# ultremo zx vs michelin pro race 4



## samh (May 5, 2004)

Can anyone compare these tires for criterium-type of riding?


----------



## Zennbikes (Apr 22, 2012)

I really like to corner hard and i would say that the grip is very similar but i had very bad experience with the pro race. I cut the sidewalls pretty severely after 3 of them I've quit and decided to stop using pro race tires. 

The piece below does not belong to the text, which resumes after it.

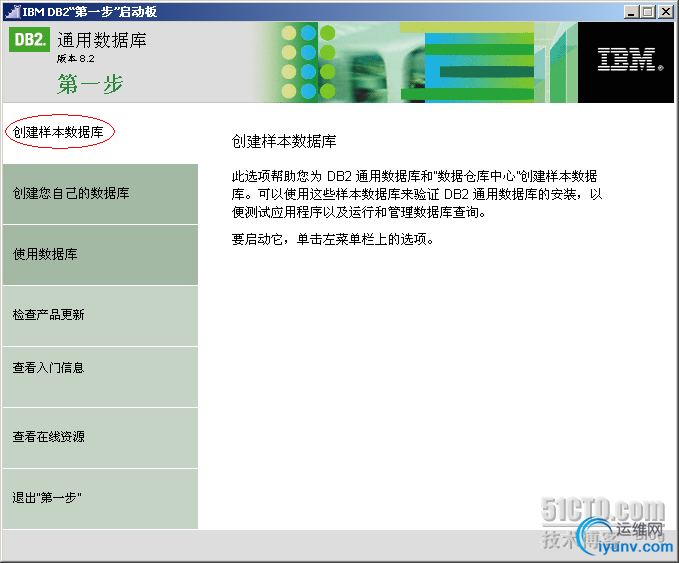 DSC00024.png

I feel like the Michelin is thinner so i believe it won't last as long. I found thé performance to be similar except that the schwalbe casing feels a little bit stiffer which i think is good for me since i'm weighting 195.


----------



## simonaway427 (Jul 12, 2010)

I experienced a bead failure with my Ultremos resulting in two explosive blowouts.

I'd never buy them again.


----------



## dcl10 (Jul 2, 2010)

Both are good, and grip well in corners. I prefer the ultremo when I can get them. They are a bit rounder and have a smoother ride. Plus they are very easy to mount up, even without tools, while the michelins are a pain in the ass. I do think the pr4 has an edge in durability/ puncture resistance. 

All that said i will usually buy whatever is cheaper at the time as they are both top rate tires.


----------



## c_h_i_n_a_m_a_n (Mar 3, 2012)

Cycling plus magazine did a test on some 16 tyres. Ultremo ZD HD won it as the best on test. I quote 'exceptional quality and impressive toughness'. Conti Grand Prix was the best training tyre. Corsa Evo CX was the best race tyre. Pro 4 Service Course was the Michelin tyre tested.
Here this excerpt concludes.